The strategy that generally has been persued is action chunking. This strategy leverages predicting the next few actions from a specific observation. This clearly would reduce the average action inference latency by reducing the number of inferences that you are doing. But every few timesteps, you will still have to do an inference which would take much longer. This results in a choppy execution pattern where sometimes you move fast, sometimes you just stop and wait for the model to finish running. There’s a simple enough trick here using pipelining. At training time for a sequence model that takes in a sequence of observations and predicts a sequence of actions, you would predict the actions associated with the next observation as well as the current observation. There’s a critical problem with this approach that stems from control theory. Simple analogy to represent the problem: if you were asked to close your eyes and walk in a straight line, odds are you can’t do it. In other words, open loop control builds error exponentially in time. With the overlapping action prediction you are still running a problem, if you discover new information in the next timestep, you have no way of capturing that information in your prediction of the action at that timestep, because you entirely relied on the past observation to make that observation. So is there a way to make a partial action prediction that could be refined with more information from the world?

Recently, there was a paper titled Diffusion Forcing. I’ll briefly sketch what the paper discusses. It explores how diffusion can be applied to sequence modeling problems by using a per-timestep diffusion level. For instance, if you had a world model and wanted to use diffusion forcing, you would noise each observation in the episode with a different diffusion level. This approach contrasts with methods like Video Diffusion Models.

Side note, I’ve tried video diffusion models for robotics applications which is an alternative approach. It worked but tuning it was a huge pain. I had to carefully assign learning rates to the actions and observations independently in the sampling. Also deploying gradient descent methods on edge hardware isn’t trivial. Edge hardware can lack the kernels for training. My conspiratory belief is that hardware makers want you to buy their training hardware or consumer graphics cards as opposed to their edge inference machines for training applications. Therefore, they handicap training applications on edge inference hardware.

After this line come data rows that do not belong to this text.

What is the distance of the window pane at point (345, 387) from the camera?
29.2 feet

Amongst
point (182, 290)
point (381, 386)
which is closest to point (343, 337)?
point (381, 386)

In diffusion forcing, authors take the forward diffusion process in DDPM style training as a “partial masking” in the style of casual masking from transformers. With this perspective you can explicitly represent your uncertainty about the future. Let’s walk through it. Imagine that you have a trajectory model that predicts observations and actions now. You train it using diffusion forcing on a trajectory dataset. You could now start predicting the future actions while holding the noise levels of the unknown observations steady. In other words, you can start denoising the actions a bit, then when the observations are ready, you can then assign the observations some value close to certainty. Then you complete the rollout of the actions. While you do this rollout, you also start the partial rollout of the future actions. Therefore, you can reduce the number of diffusion steps you are taking for a given action at the time of prediction because you’ve already partially decoded it relying more on the past information.

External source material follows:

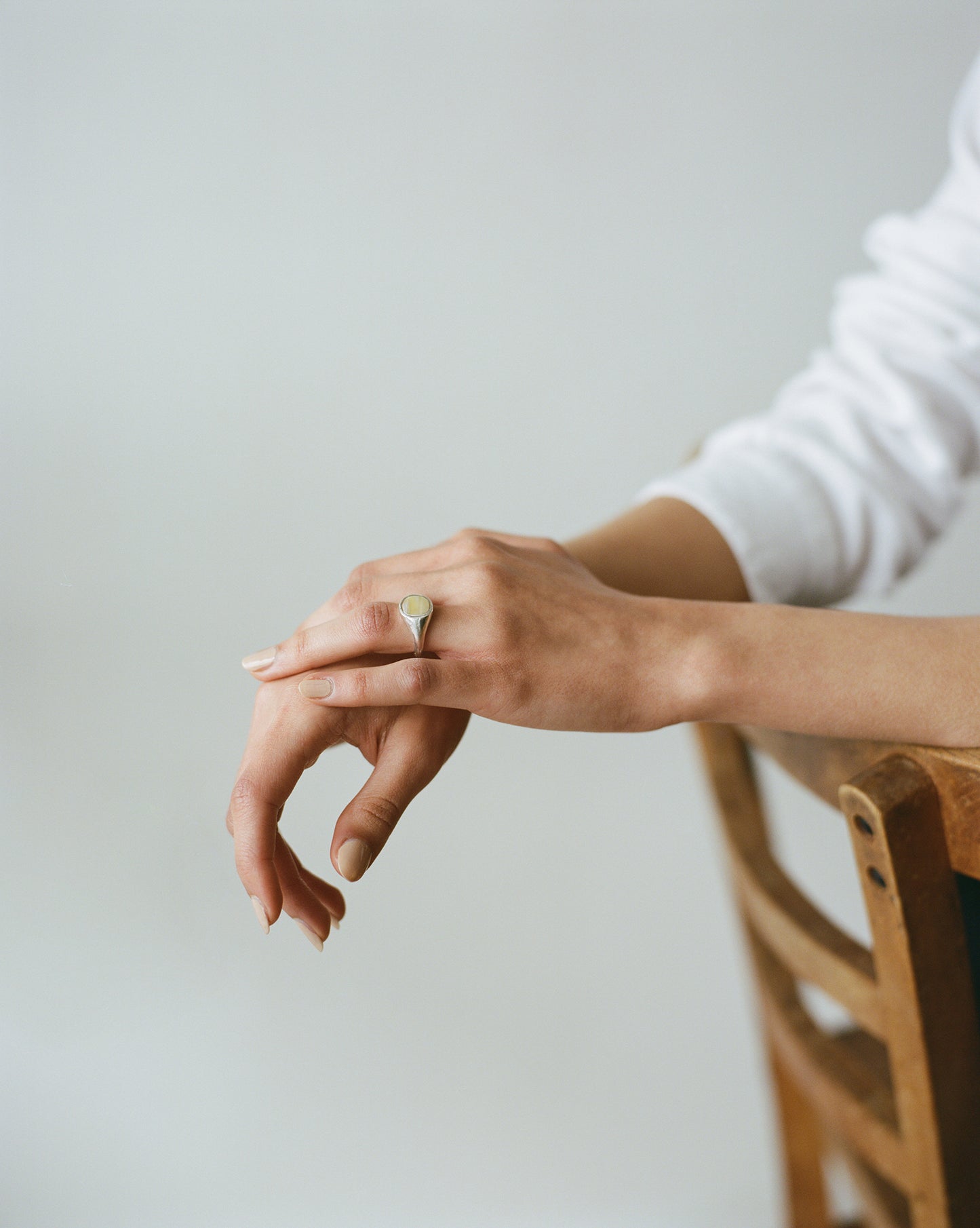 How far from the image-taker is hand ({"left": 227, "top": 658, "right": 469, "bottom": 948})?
1.47ft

Also, I have the feeling that in the nominal case, you could actually jump directly to the fully decoded action really quickly, bringing it on par with the pipelined case. For example, if a new observation reveals nothing new about the environment, the model should be able to just move forward by taking the partially denoised prediction and using the DDPM reverse process equation to recover \(x_0\) directly. I believe you could verify this by looking at the partially denoised observation prediction in your trajectory model. If your prediction is close to the real observation, then you already have the information to jump to the right answer. Mind you, the math doesn’t entirely support this. You should really use a DDIM based approach to reduce the number of steps in a more continuous fashion. For example, you change the number of steps using the DDIM formulation from 200 -> 20 if you know that the predicted observation is close to the observed observation (lol ik observed observation).

In terms of deployment, edge hardware has had a lot of work done recently in terms of getting huge models to be able to run. However, they run deadly slowly. If you imagine using the above inference latency hiding method, you could build a single model that’s runnable across many target hardware platforms by varying how many future action predictions are happening. You could do this in conjunction with DDIM like formulations which reduce the overall number of diffusion steps that need to be taken. This will of course cut performance, but that what you get for being cheap and buying shit hardware :).

I should note, I think there’s a way to do the same thing with a 2 timestep attentive model. I don’t think this is really unique to diffusion forcing, but as someone that spends a lot of time thinking of ways to run models on embedded hardware, I find this application fascinating.